También la Virgen vendrá con Jesús en la Segunda Venida Gloriosa al final de los tiempos, ya que es la única de la que
podemos asegurar con plena fe que está glorificada corporalmente con Jesús.
Así estaremos nosotros, y lejos de ser una contemplación estática y aburrida, también el cuerpo gozará de las alegrías
del Cielo.

Y en la Visita Intermedia, que continúa la Primera Venida en la pobreza humilde de Belén y prepara la Majestad de la
Segunda, también está presente la Madre, ya que con la fuerza irresistible de su intercesión nos procura la unión con
Jesús, fuente y cumbre de nuestra única, auténtica y verdadera felicidad.

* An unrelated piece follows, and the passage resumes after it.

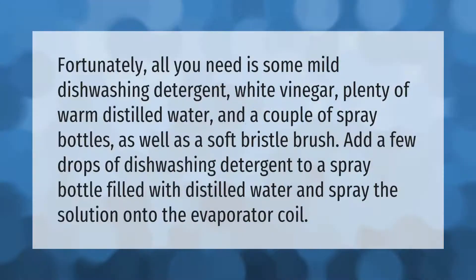All you need is some mild dishwashing detergent, white vinegar, plenty of warm distilled water, a couple of spray bottles, and a soft bristle brush. Add a few drops of dishwashing detergent to a spray bottle filled with distilled water and spray the solution onto the evaporator coil.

Para gozar de una Verdadera Navidad con las Tres Venidas de Jesús, el camino es permanecer unidos a María, y, por
qué no, también a José, su padre virginal, semejante a María en todo.

Ellos nos transportarán a la dulzura inenarrable de Belén, nos prepararán con una esperanza gozosa e inclaudicable
para la Majestad de la Segunda Venida, y nos proporcionarán la experiencia espiritual de la Visita Intermedia entre las
dos, esa que nos transforma y nos cambia a semejanza del Modelo Divino que es Jesús.